Conflicting information here! So if I have an original i3 21.5 mid 2010 iMac can I upgrade to an i7? And it will work minus heat issues? And if so can I also upgrade to 32 gigs of ram or is that motherboard based?

I have an iMac 2010 21.5 screen with an i3-540 processor, 12GB ram memory, Ati Radeon HD4670 and macOS High Sierra. I upgraded my CPU to i5-660 3.33Ghz, same TDP, socket, etc. My iMac started fine but everything worked slower, I cannot watch youtube without dropping frames, the same on ZOOM. I run Geekbench 5 and here are the results i3-540 Single core 511, Multi core 1122 i5-660 Single core 226, Multi core 519 What did I do wrong?

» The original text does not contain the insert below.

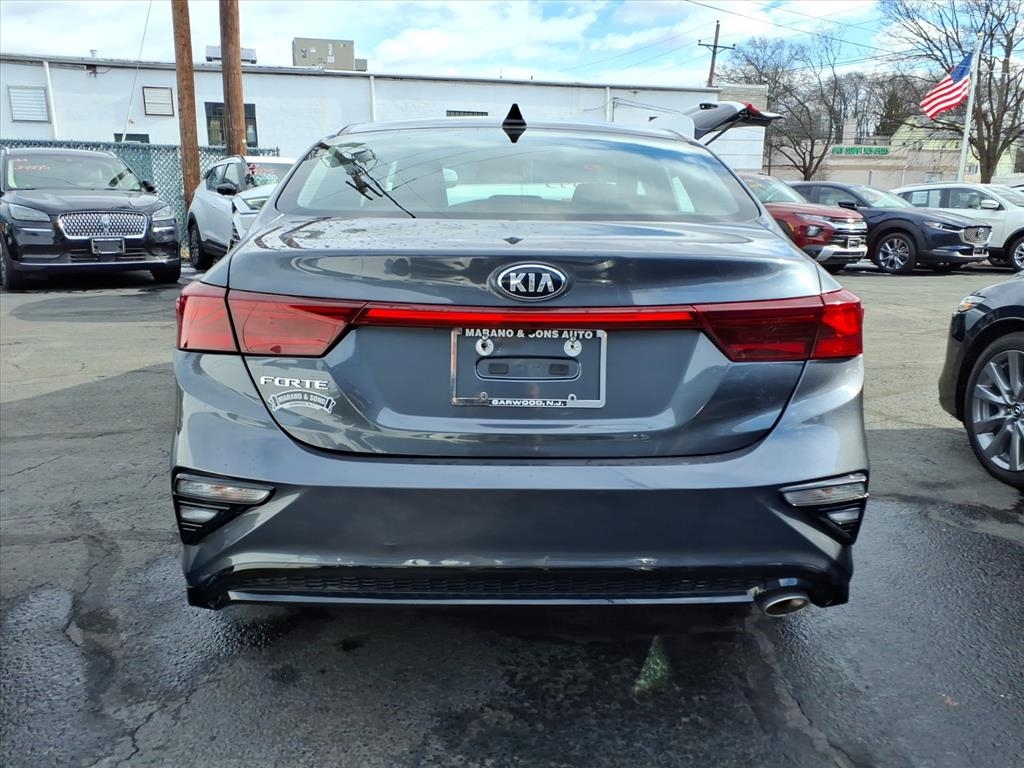 Kia Forte LXS IVT 2020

Hello everything is supported. I did a heavy upgrade on my imac. I7 860s - 2 SSD (leave super drive) - 32gb ram - new gpu nvidia quadro k1100m but the computer is quite powerful, but not much. there is a bottleneck as the video card is very powerful and the cpu can’t handle it. I think I’ll switch to an 880 i7 processor or a xeon 3480. my only dilemma is whether my imac power supply will be able to handle the watts of the new one.

Guys this Dan guy knows nothing just fyi, ignore what he says, Nicholas Dean upgraded to an i7-860S no problem. And no, it can’t upgrade to i7 6700, it can only upgrade to a 1st gen LGA1156 socket based cpu, 6700 is a 6th gen.